Miniature FSCV Devices: A Review

• Published in: IEEE sensors journal Vol. 21; no. 12; pp. 13006 - 13018
• Main Authors: Corva, Dean M., Adams, Scott D., Bennet, Kevin E., Berk, Michael, Kouzani, Abbas Z.
• Format: Journal Article
• Language: English
• Published: New York IEEE 15.06.2021; The Institute of Electrical and Electronics Engineers, Inc. (IEEE)

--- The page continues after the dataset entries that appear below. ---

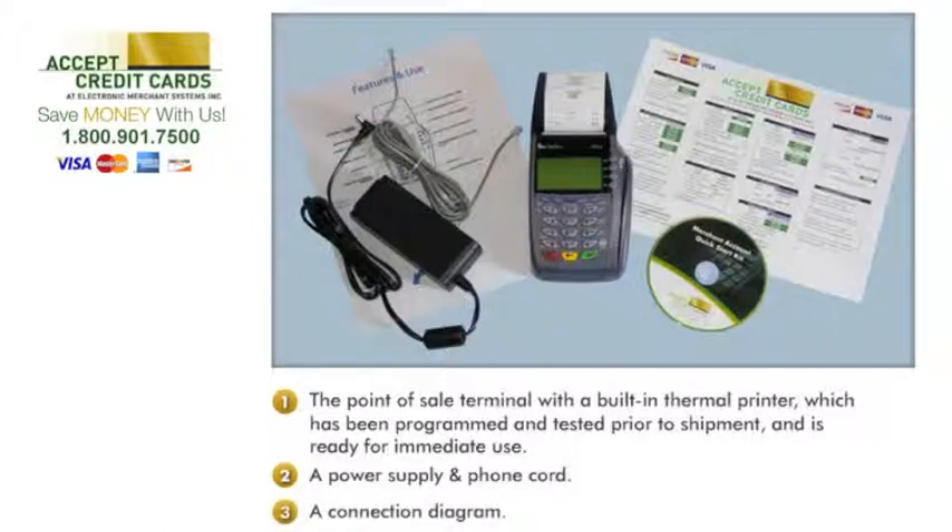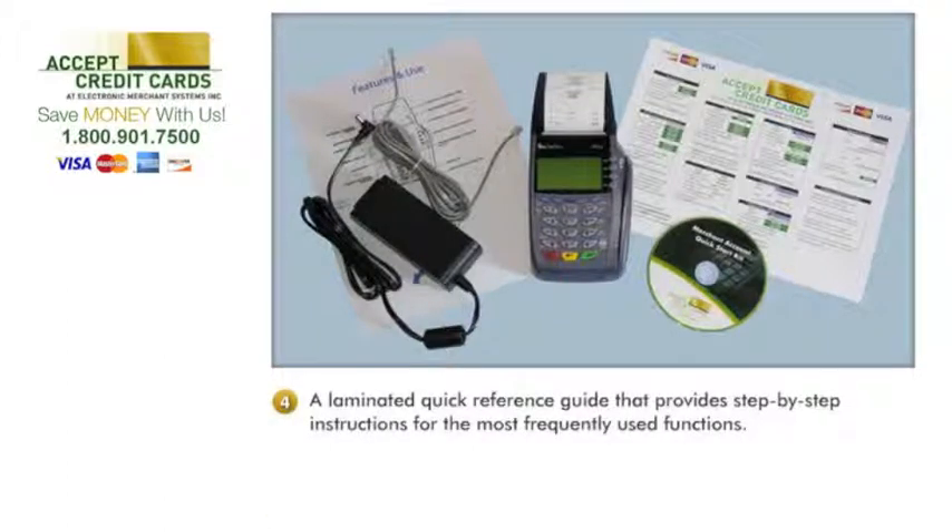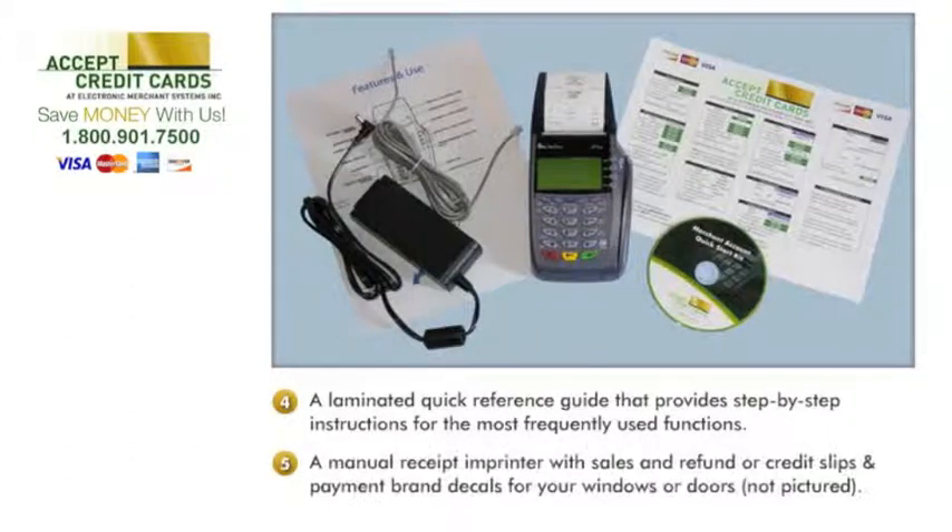A laminated quick reference guide that provides step-by-step instructions for the most frequently used functions. A manual receipt and printer with sales and refund or credit slips, and payment brand decals for your windows or doors.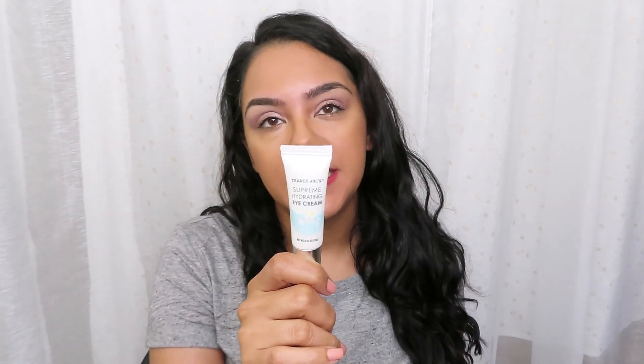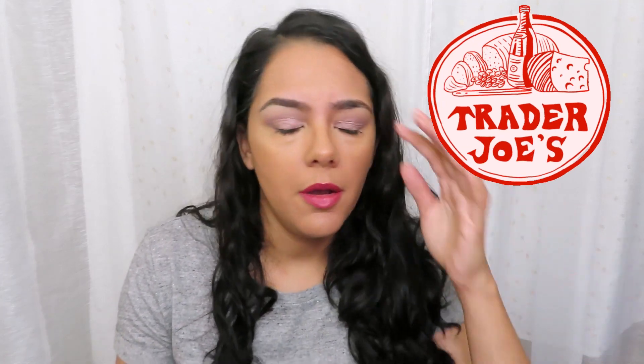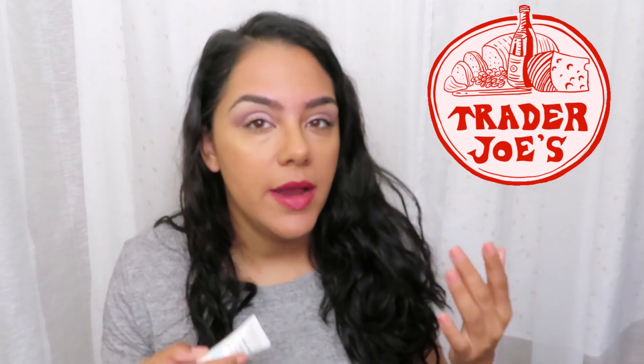Hi guys, I have a review for you on the Trader Joe's Supreme Hydrating Eye Cream. I bought this a few weeks ago because I have an obsession with Trader Joe's — I think a lot of us do. I walk in and I just want one of everything. I usually try a lot of their skincare items and some are hits, some are misses.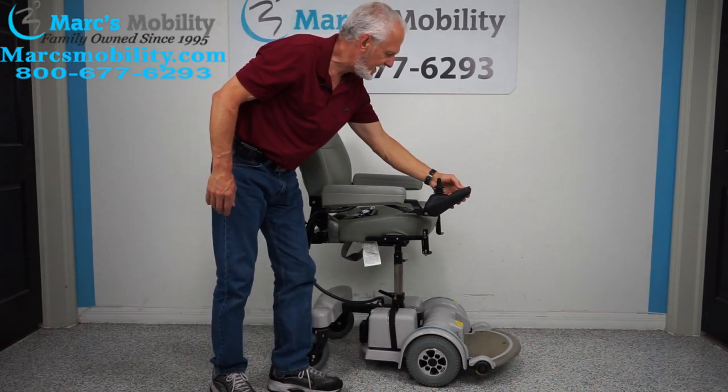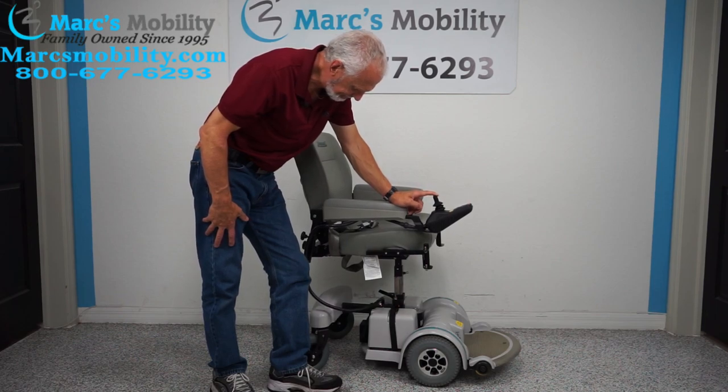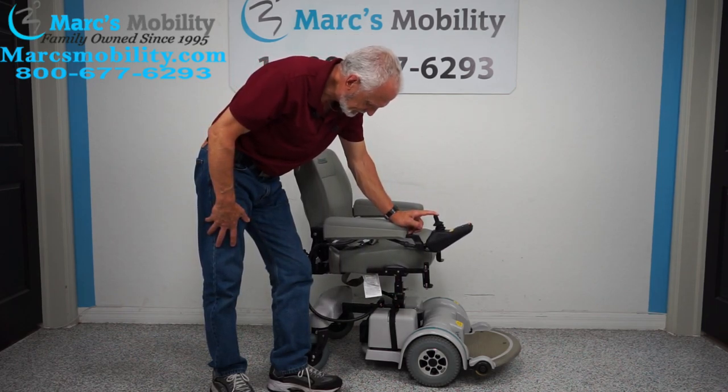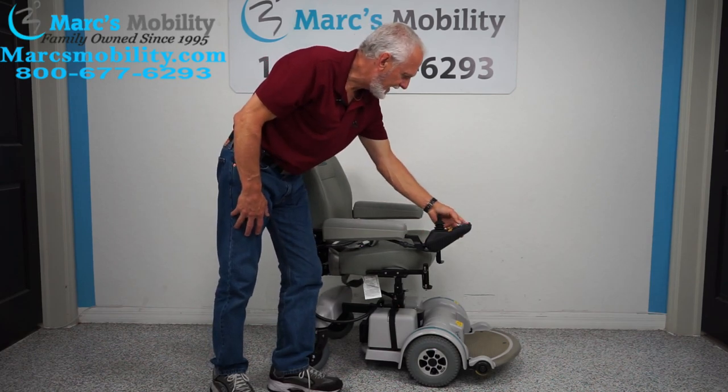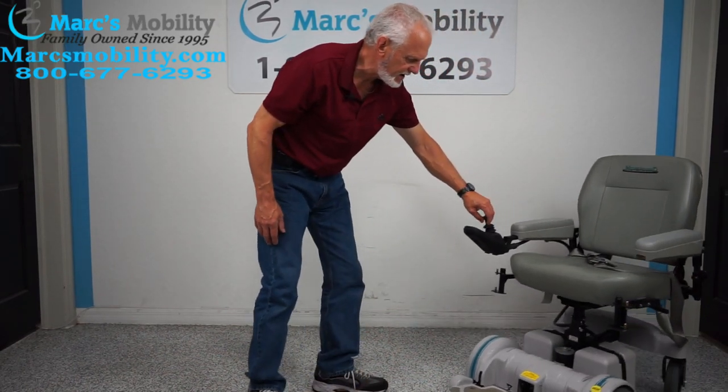Let me bring the seat back down. The seat's coming back down. We're going to put it back in drive, move the chair forward, and look at the front of the chair.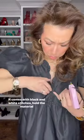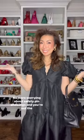Enter the Stitchy. It comes with black and white stitches. Pull the material together, press the gun, and voila! Your problem is solved. Use it for hems and lots more. No more worrying about safety pins showing, and you're out the door.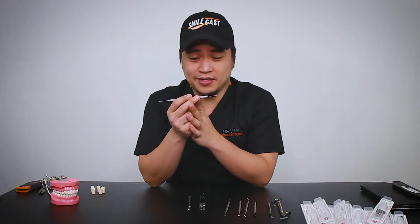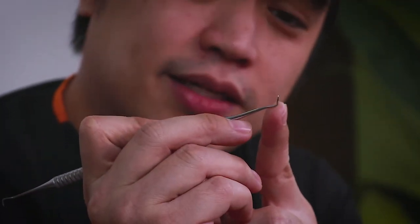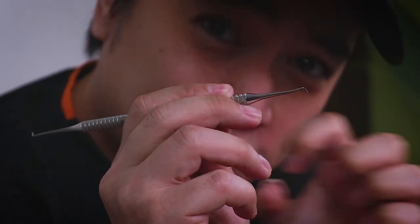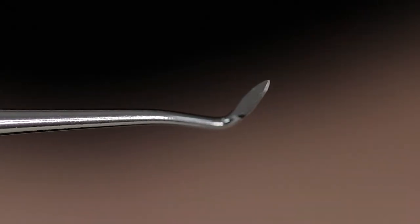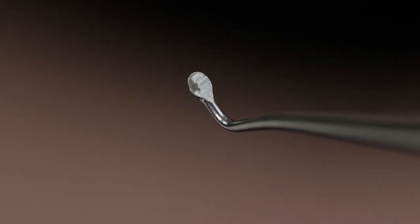Next, we have the clioid discoid. We have the sharp end and of course the disc end. With the sharp end, this helps with the final form of your amalgam when it's getting a little bit harder and you're trying to carve and make your line angles a little bit clearer. This helps a lot, especially that point right there, and of course removing a little bit of the excess is helped by this disc end.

• Subjects: Brain; Current measurement; Data processing; device; Electric potential; Electrodes; Fast-scan cyclic voltammetry; Miniaturization; Monitoring; neural engineering; neurochemical sensing; neuroscience; neurotransmitter; Neurotransmitters; Onboard data processing; Post-processing; Power capacitors; Sensors; Target recognition; Temporal resolution; Waveforms
• ISSN: 1530-437X; 1558-1748
• DOI: 10.1109/JSEN.2021.3069950

Fast-scan cyclic voltammetry (FSCV) is an electrochemical sensing method used for measuring the concentration of neurotransmitters within the brain. FSCV is typically conducted using benchtop equipment, providing accurate and high temporal resolution measurements. However, the large size and high cost of benchtop FSCV systems pose significant limitations in widespread preclinical use of FSCV. Recent technological improvements have facilitated the miniaturization of FSCV equipment, creating systems that can be mounted on the subject as they are small and lightweight. One key remaining bottleneck in the emerging miniaturized FSCV systems is that their data typically needs to be transmitted to an external computer for analysis. This paper presents a review on the current miniature FSCV devices. It discusses the latest improvements in voltage scan waveforms that help increase the sensitivity of measuring specific analytes, for use in miniaturized FSCV. It also tabulates analytes that have been detected using FSCV. It also details current issues with FSCV and the latest achievements in post-processing of FSCV data to better identify target analytes. Furthermore, the emerging miniature FSCV devices that have integrated on-board data processing capabilities to mitigate external data processing are discussed. These advances can accelerate neurochemistry research, reducing time spent analysing data on external computers, and allowing for investigation into questions on neurotransmitter dynamics in target brain regions.